[What to work on]
Your answer must be the full listing, word for word, with no images in it.

*** Opening of Source data ***

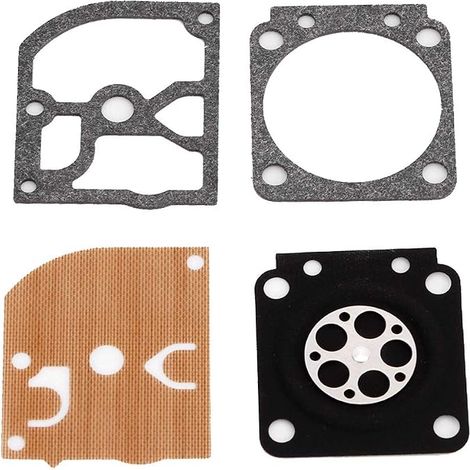 Carburateur Reparation Kit Joint Membrane,Réparation du Carburateur Joint Membrane pour STIHL MS 180170 MS180 MS170 018017 Tronçonneuse+membrane carburateur nikki kit carburateur ms170+carburateur ré (1/5)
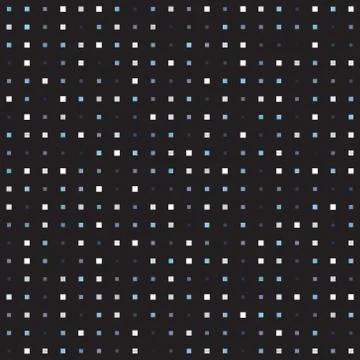 Square pattern. Seamless vector background Stock Illustration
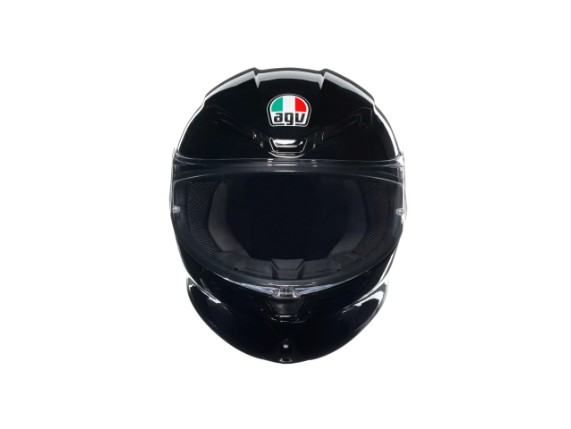 18395015-009-L, HELM AGV K6S MONO BLACK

*** Close of Source data ***

[Response box]
 Carburateur Reparation Kit Joint Membrane,Réparation du Carburateur Joint Membrane pour STIHL MS 180170 MS180 MS170 018017 Tronçonneuse+membrane carburateur nikki kit carburateur ms170+carburateur ré (1/5)
 Square pattern. Seamless vector background Stock Illustration
 18395015-009-L, HELM AGV K6S MONO BLACK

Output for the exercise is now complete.